Malgré l’innocence, il nous faut garder l’esprit lucide. Ne pas oublier la beauté dans un monde parfois si laid. Ne pas oublier le partage dans un monde parfois si égoïste. Continuer à marcher avec joie, à danser, à chanter, tout en dénonçant les injustices et les abus. Ne pas fermer les yeux.

Il y a une forme de tristesse qui naît du fait d’en savoir trop, de voir le monde tel qu’il est vraiment. C’est la tristesse de comprendre que la vie n’est pas une grande aventure, mais une succession de petits moments insignifiants, que l’amour n’est pas un conte de fées, mais une émotion fragile et fugace, que le bonheur n’est pas un état permanent, mais un aperçu rare et fugace de quelque chose auquel on ne peut jamais s’accrocher.
Et dans cette compréhension, il y a une profonde solitude, un sentiment d’être coupé du monde, des autres, de soi-même.
– Virginia Woolf

Faisons danser la tristesse avec la joie, car l’une et l’autre sont complémentaires. Cultivons la joie du coeur et tissons-là avec cette tristesse qui peut devenir moteur de changement.

Malgré la solitude, soutenons la solidarité et le partage, à notre humble mesure. Seul.e.s ensemble.

Car on peut espérer qu’il y ait une justice en ce monde, une certaine justice, sinon une justice certaine. C’est que l’on vit avec la pureté de son propre coeur, avec la justesse de ses propres intentions. On vit avec soi et ce que l’on pense et ce que l’on fait constitue du karma instantané. Alors faisons le bien, du moins faisons du mieux que l’on peut. Avec ce que la vie nous offre.

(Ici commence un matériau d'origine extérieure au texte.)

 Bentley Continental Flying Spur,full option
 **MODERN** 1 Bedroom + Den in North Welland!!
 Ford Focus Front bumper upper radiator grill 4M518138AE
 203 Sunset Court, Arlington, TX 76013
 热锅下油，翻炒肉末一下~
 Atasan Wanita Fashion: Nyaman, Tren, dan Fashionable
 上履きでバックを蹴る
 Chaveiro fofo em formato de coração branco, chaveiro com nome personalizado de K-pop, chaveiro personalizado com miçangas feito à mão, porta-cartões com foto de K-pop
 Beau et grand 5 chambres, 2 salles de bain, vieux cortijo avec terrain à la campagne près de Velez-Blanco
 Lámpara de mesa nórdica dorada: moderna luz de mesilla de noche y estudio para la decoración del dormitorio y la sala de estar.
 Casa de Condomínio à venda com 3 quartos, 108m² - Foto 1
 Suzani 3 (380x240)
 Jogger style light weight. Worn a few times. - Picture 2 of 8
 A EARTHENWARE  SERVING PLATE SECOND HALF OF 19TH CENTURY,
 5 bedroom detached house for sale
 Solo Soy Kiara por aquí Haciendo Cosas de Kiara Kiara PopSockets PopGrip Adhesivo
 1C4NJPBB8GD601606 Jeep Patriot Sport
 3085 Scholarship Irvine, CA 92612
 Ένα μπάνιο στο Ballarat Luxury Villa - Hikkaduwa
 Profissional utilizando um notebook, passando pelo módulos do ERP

Et gardons espoir, du moins la foi, en changeant le monde petit à petit, pas à pas, chaque pas dans la foi. Avec réalisme. Et humilité.

Ne vivons pas dans l’illusion d’un monde imaginaire trop rose. Le monde est tel qu’il est devant nous, tel qu’il est en nous. Sans artifice, tel quel. et peut-être qu’alors une petite brèche d’humanité pourra s’ouvrir et illuminer ce monde d’apparence avec amour et humanité.

Vivons cette mosaïque humaine, faites de multiples pièces brisées. Faisons-en une oeuvre d’art humaine. Imparfaite peut-être, mais sincère. Et alors, belle, car authentique.

Même si c’est long à assembler. Et qu’on ne comprend pas tout. Allons-y pièce par pièce.